まず施設要件をクリアしなければならず、特に賃貸借契約で外国人滞在施設経営事業の用途を禁止している場合や管理規約で外国人滞在施設経営事業の用途を禁止している場合、認定を取得するのは困難となります。管理組合や建物所有者等の使用承諾書を個別に取得していれば可能ですが、分譲賃貸の場合は、所有者と管理組合の両方から取得しなければなりません。

大阪市も特区民泊の認定を開始するのを機に、合わせて取り締まりも強化していく方針なので、認定を得ていない民泊物件は運営がしにくくなっていきます。民泊事業をしたいのであれば認定を取りなさいということになります。

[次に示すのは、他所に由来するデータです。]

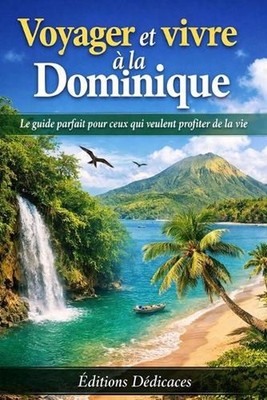 Voyager et vivre la Dominique: Le guide parfait pour ceux qui veulent profiter d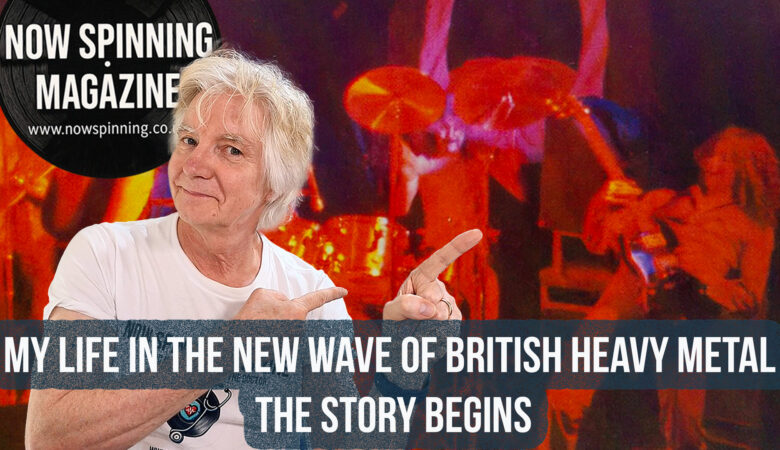 My Life in the New Wave of British Heavy Metal – The Story Begins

特に分譲マンションでの民泊は、かなり問題化しております。せっかく高いローンを組んでタワーマンションを買ったのに、隣の部屋が民泊物件だったとしたら、住民としてはやってられません。管理組合としては、資産価値が下がるというキラーフレーズにより、賛成多数で民泊禁止条項を管理規約で定めていっております。ファミリーが多数居住する物件での民泊認定はほぼ不可能となります。投資用マンションや築古物件の場合、可能な物件があるかも知れません。

そのうち民泊事業組合なるものが官主導で設立され、民泊事業者の組織化も図られるでしょう。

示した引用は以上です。